The more seedlings there are to keep track of, the harder it is to distinguish between them, so I can't tell you a whole lot about 203A that isn't obvious from the photos.

Mostly: the colors are loud. Which is fine. I think I prefer the seedlings with strong, fully-saturated colors to the more pastel ones anyway.

For 203A, the four name candidates are: Dolly Parton, Flamboyant Tendency, Loud and Clear, and What About My Needs.

203A was early enough in the season that the tears in the petals here were probably mechanical, the result of them catching on other plants (or the flats, or the shelves) when getting moved around. The thrips normally don't eat all the way through a petal anyway, just scrape off a thick enough layer to make the flower ugly and then move on. That said, I suppose it's possible that the thrips are learning new things.

I think I can drop Loud and Clear right away. It's not inappropriate, but it's sort of a cliche. Pretty much the same goes for Flamboyant Tendency -- actually now that I look at it, "Tendency" adds nothing: it should have just been Flamboyant.

What About My Needs is a Culture ship name.1 At 19 characters long (including spaces), it wouldn't be the longest name I've used,2 but it's pretty long. It sort of works, in that the loud-and-screamy colors seem to go nicely with a phrase that is normally loudly screamed. I guess. The other option left is Dolly Parton, who, as previously noted, is delightful3 and totally seedling-worthy, and has also been on my mind a lot lately.

Poor What About My Needs never really stood a chance. I hereby christen 203A Dolly Parton.

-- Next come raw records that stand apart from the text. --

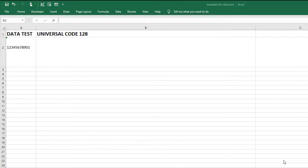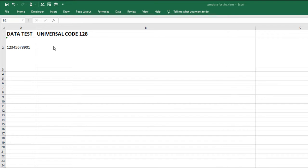I've already installed the Universal Font package and imported the ID Automation VBA font encoder. For information on how to import the VBA, check out the link in the description.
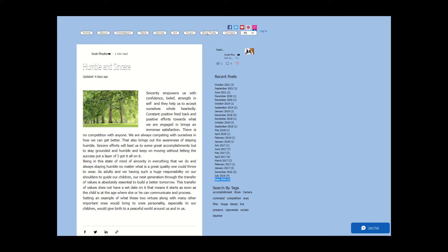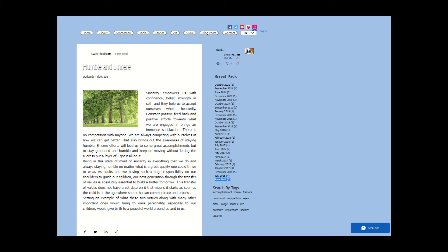Humble and Sincere. Sincerity empowers us with confidence, belief, and strength in self, and helps us to accept ourselves wholeheartedly. Constant positive feedback and positive efforts towards what we are engaged in brings immense satisfaction. There is no competition with anyone. We are always competing with ourselves in how we can get better, and that also brings out the awareness of staying humble.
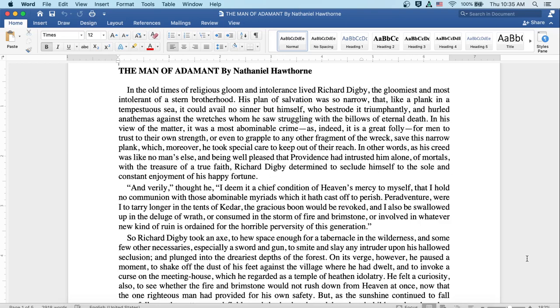The Man of Adamant by Nathaniel Hawthorne. In the old times of religious gloom and intolerance lived Richard Digby, the gloomiest and most intolerant of a stern brotherhood.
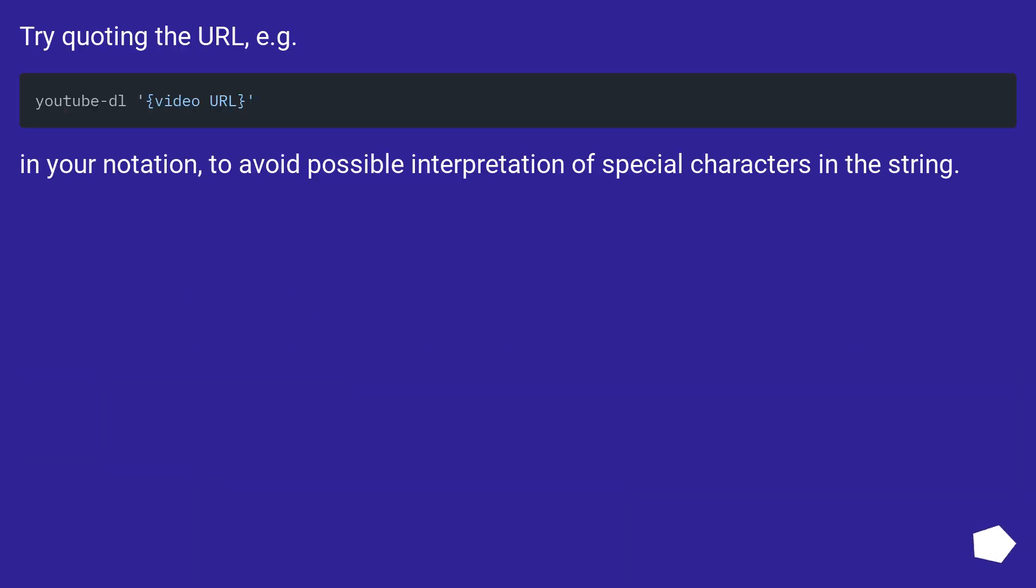Try quoting the URL, for example in your notation, to avoid possible interpretation of special characters in the string.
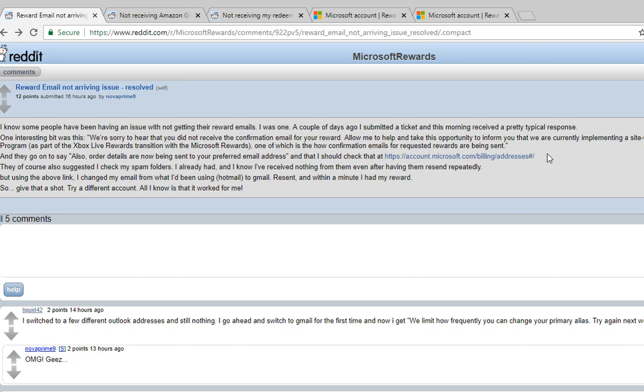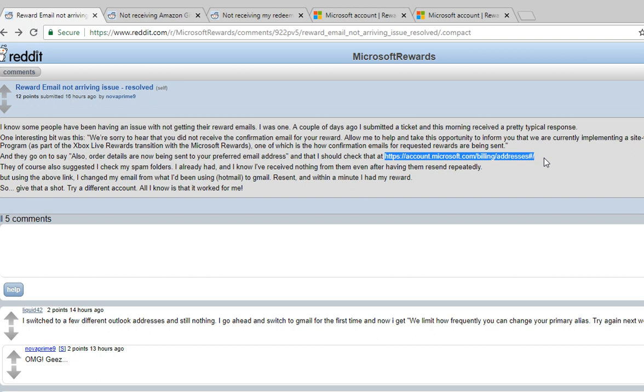He contacted customer support and they didn't fix the problem. However, he went to the billing site where the addresses are and modified the email address. Once you change the email address to something else, you can resend the gift card and get it.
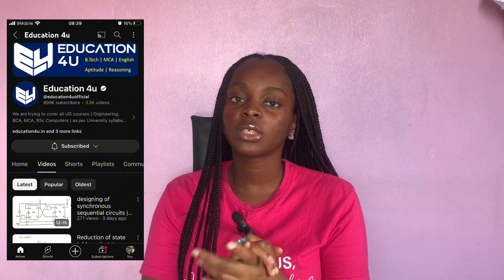The next channel is Education For You. Education For You specializes in distributed systems, computer graphics — which we took in 400 level — theory of computation, compiler design, data communication, data structures, and software engineering. This channel will be very useful for you in 200 level and even 400 level for computer graphics and compiler design.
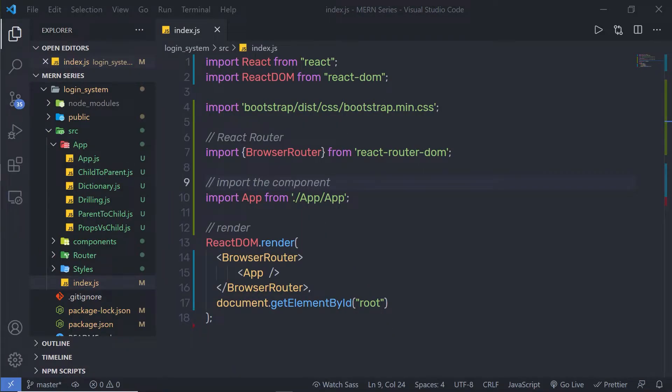In this lecture we're going to talk about what is a higher order component in a React application. As you build a React application, you will run into a situation where you want to share some functionality across multiple components. In this case, you can use a higher order component. Higher order components are simply React components that are wrapped around other components.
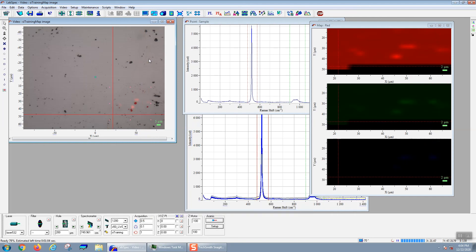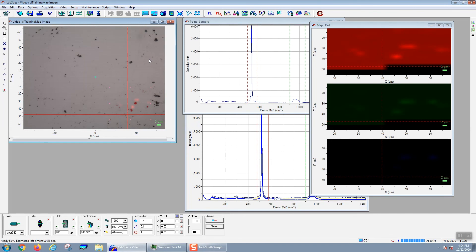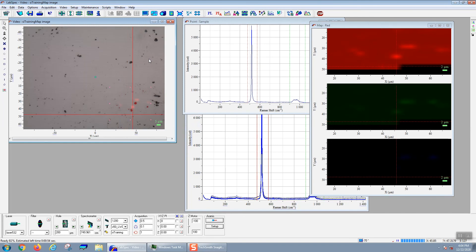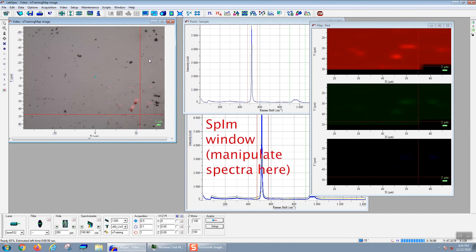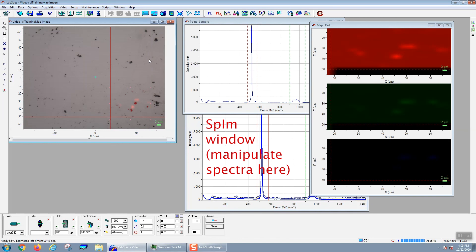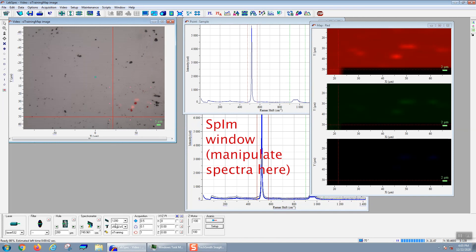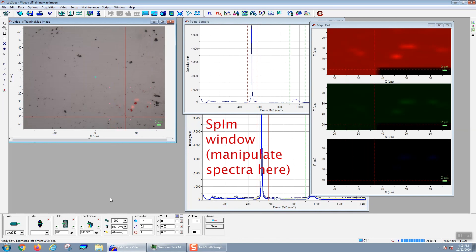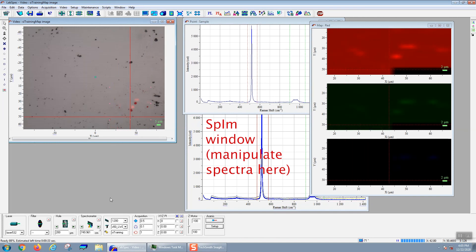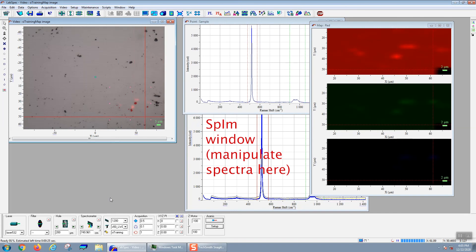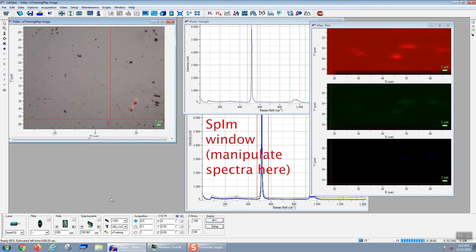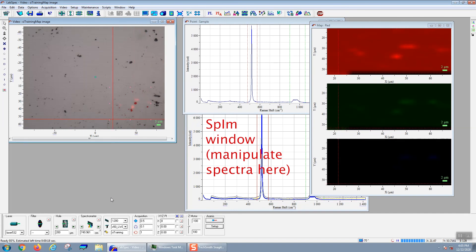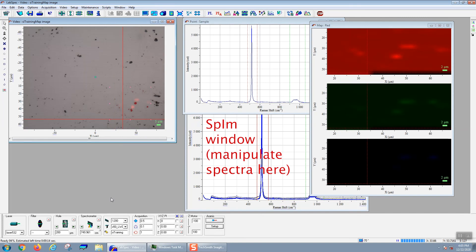When the Raman microscope is done, then your map will be complete. Again, this SPIM window is the most important window. For example, if you want to do any sort of processing or saving, you would operate on this window. All of the maps can be regenerated from the SPIM, but you cannot regenerate the SPIM from the colored maps.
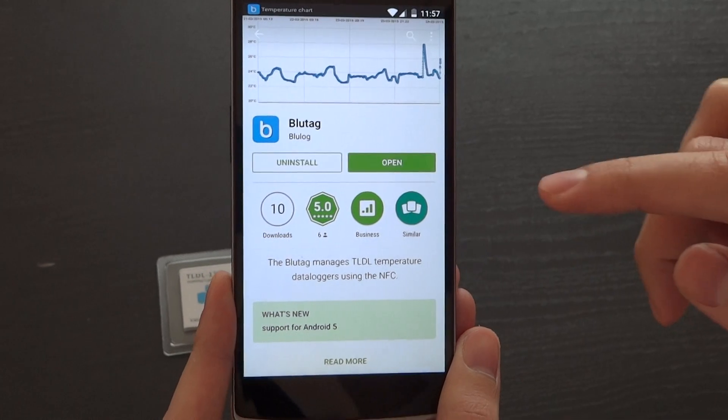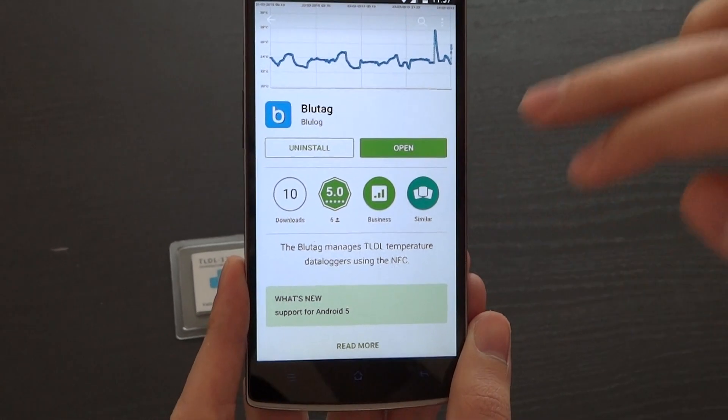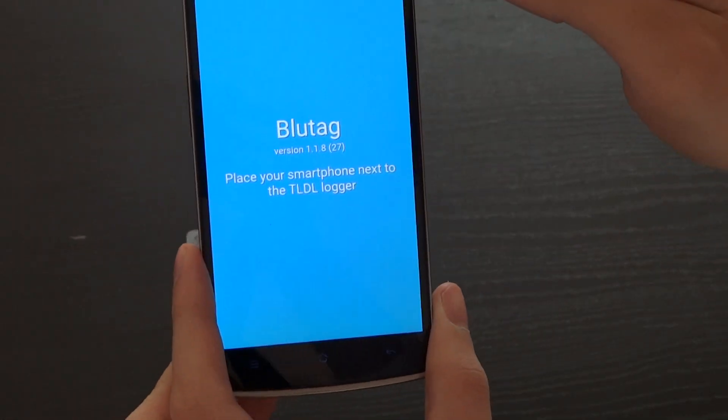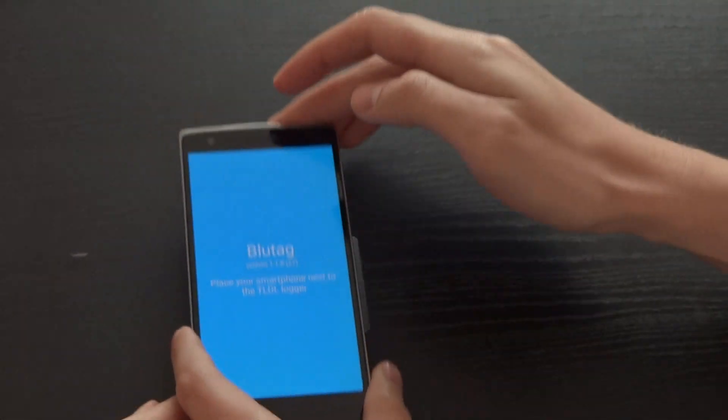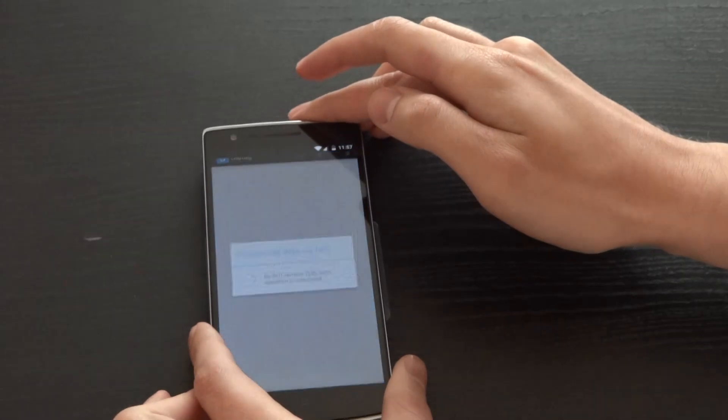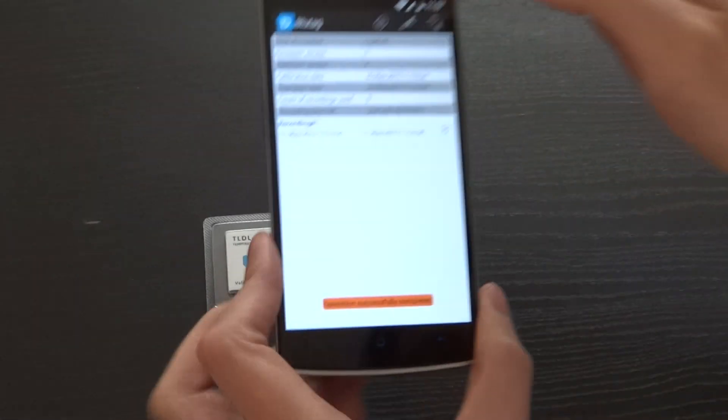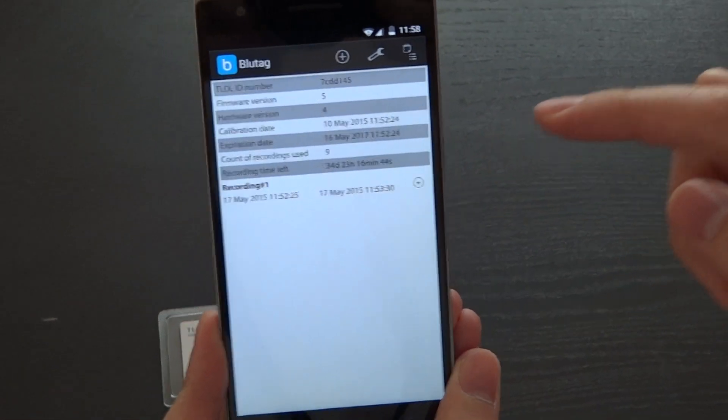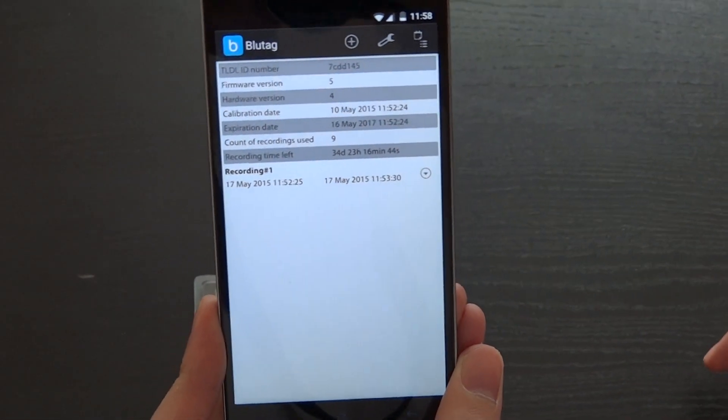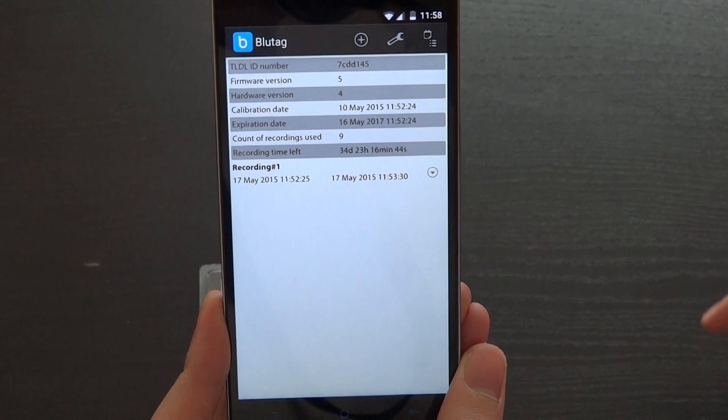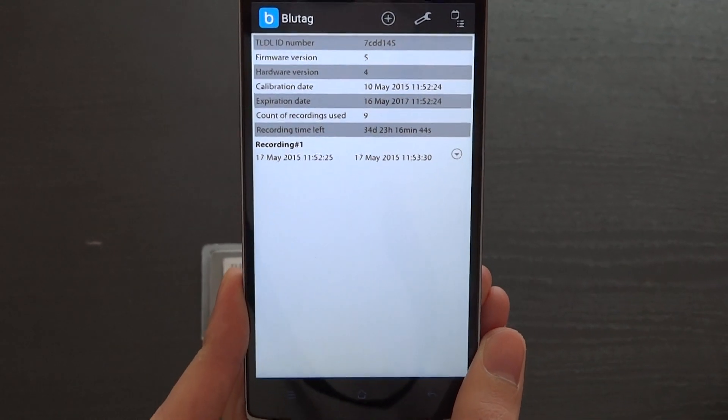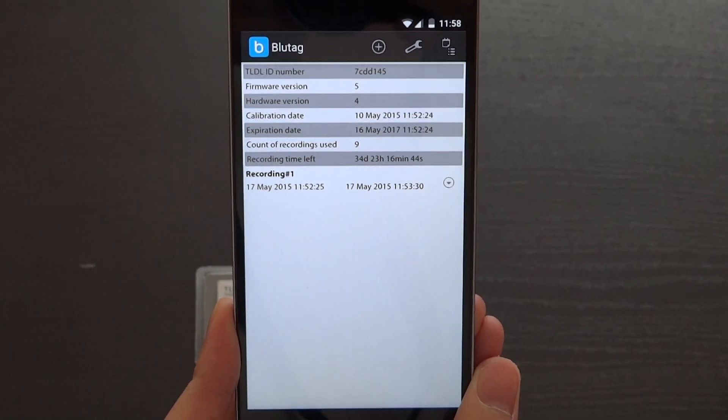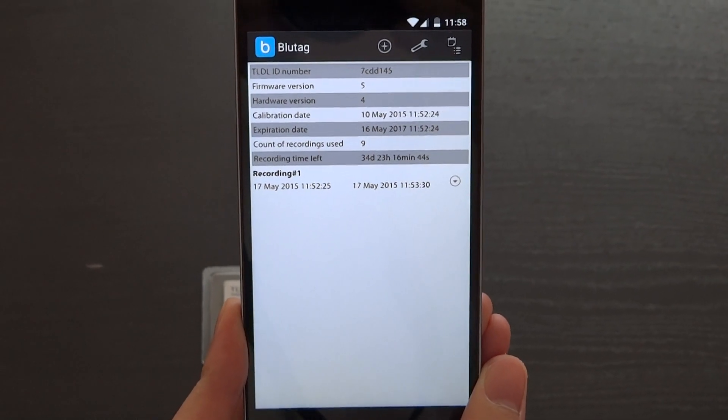Once the app is installed, open it and place again your smartphone next to the logger. You will be redirected to the main page of the logger containing information such as ID number, calibration date, and expiration date.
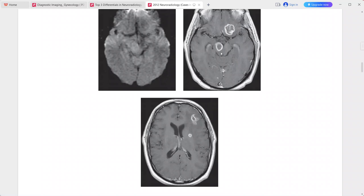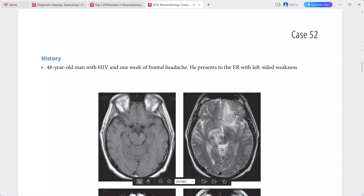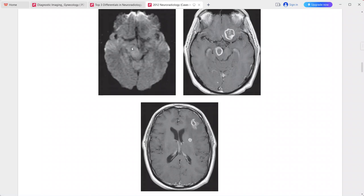T2-weighted MRI shows surrounding edema with heterogeneous internal signal. On DWI the lesions are isointense, indicating no definite restricted diffusion. This is a case of CNS toxoplasmosis.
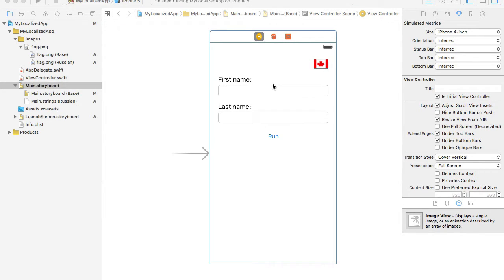In my previous video I showed you how to add localization support to user interface labels and images. In this video I'm going to show you how to add localization support to other string values we can use within our application. For example, when a user taps a run button, we may need to display an alert message based on some business logic, and the content of that alert message cannot be easily localized through UI elements — for that we'll use string values stored inside our project.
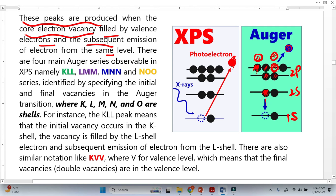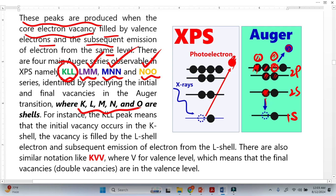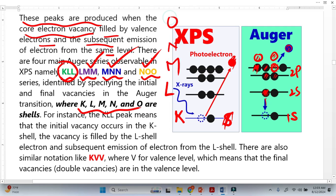There are four main Auger series observable: KLL, LMM, MNN, and MNO — very important. In small elements we will only see KLL. In bigger elements like lead, we will see LMM, and in very large elements we will also see MNN and MNO series. K, L, M, N, and O refer to the electron shells: K is the first shell, L is the second, then M, then N, and O.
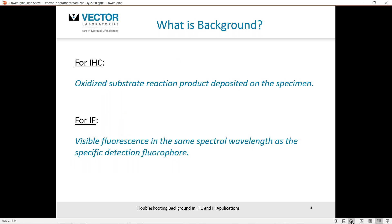For immunohistochemistry, we're speaking about the oxidized substrate reaction product deposited on the tissue specimen — for example, DAB staining observed in a non-specific manner. For immunofluorescence, we're referring to visible fluorescence in the same spectral wavelength as the specific detection fluorophore. For example, if you're using a fluorescein or FITC-conjugated green fluorophore, you may also see some interfering green fluorescence in that same wavelength.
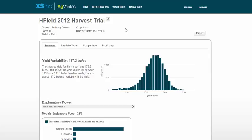Welcome to an on-demand training on creating new fields in AgVeritas. The first step when you want to run an analysis with AgVeritas is to load your field boundaries. So I'm going to take just a moment to show you how to do it.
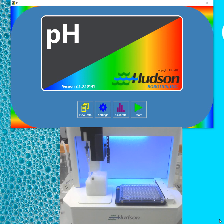Hi, this is Tom Copeland with Hudson Robotics. Today I'm going to be showing the calibration function of the Rapid pH.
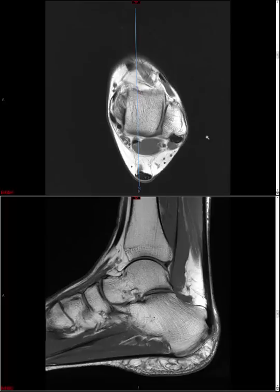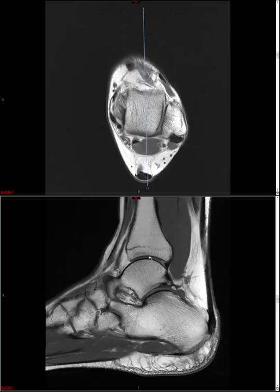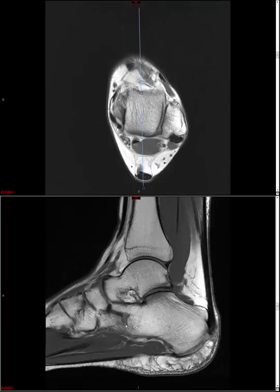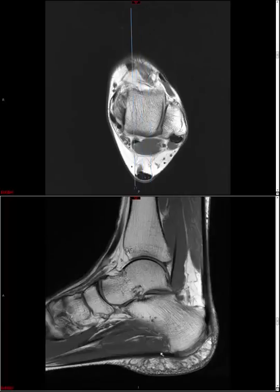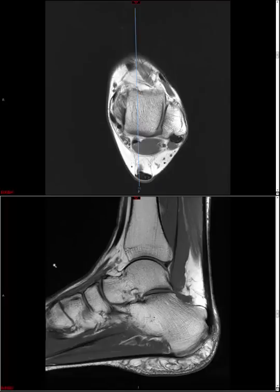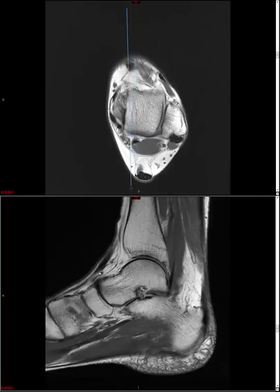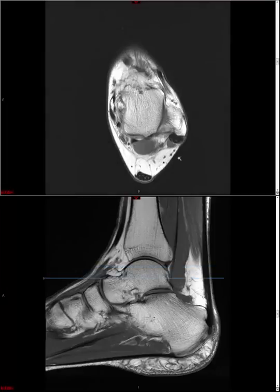In general, when I look at an ankle MRI, I basically break the study down into a few major categories. First, I look at all the tendons, then all the ligaments, then the tibiotalar joint, subtalar joint, followed by the midfoot articulations. I look at the sinus tarsi, then end by looking at the plantar fascia, and then a miscellaneous category covering the intrinsic musculature and marrow signal for incidental findings.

1 Culture ship names, discussed here, are so named because they resemble names of spaceships in Iain M. Banks' series of novels about the galaxy-spanning civilization called the Culture (hence the name); they're not necessarily names that were actually used in the novels though. Culture ship names are distinguished mostly by their length, and are often but not always a full grammatically-correct sentence.
2 That would be 082A Strawberry Madeleine, which is 20 characters long. What About My Needs would tie 084A Downward-Facing Dog for second-longest.
The list of prospective names technically maxes out at 30 characters (Fictitious Canadian Girlfriend), but that's the only option I have with more than 25 characters.
I don't know if there's an official character limit for cultivar names or not, but I read some naming guide a while back that I think said to stick to 30 or fewer characters, and I figured 25 would be even safer. I had also been trying to keep names at one or two words long, but I've broken that rule a few times already (020A Feet Of Clay, 066B Sigrid the Haughty, 083B Guy Fawkes Night, 084A Downward-Facing Dog, 103B Must Be Love, 105A Berry Rhubarb Fool, 106A Jaws of Elmo, and 200A Breakin' The Law. And yes, I'm aware that I'm being inconsistent about capitalization of small words -- 020A Feet Of Clay but 106A Jaws of Elmo, for example -- and it bothers me too and I intend to do something about it sooner or later, don't you worry.), and the prospects list goes up to at least five- and six-word options (Will They Or Won't They, I Thought We'd Get Out, Let Me Count The Ways, A Banjo Like The Moon, I Want To Be Sedated, You Don't Want Me No More, I Want To Go To There), though I don't know how seriously I'm taking any of them as possible names.
I admit to finding A Banjo Like The Moon bizarrely appealing; it was in the running for seedling 127A until I decided I liked another banjo-related name better.
3 The late Roger Ebert described meeting Dolly in person (to do a one-on-one interview in promotion of her movie Nine To Five) thusly:
As we spoke, I found myself enveloped by her presence. This had nothing to do with sex appeal. Far from it. It was as if I were being mesmerized by a benevolent power. I left the room in a cloud of good feeling. Next day, Siskel and I were sitting next to each other on an airplane. "This will sound crazy," he said, "but when I was interviewing Dolly Parton, I almost felt like she had healing powers."

1 comment:

Unknown said...

Mildly on subject, you should totally consider "Upside-Down Dog" as a name for one of these buggers. ;-)(Because "downward-facing dog" ala yoga isn't descriptive enough.)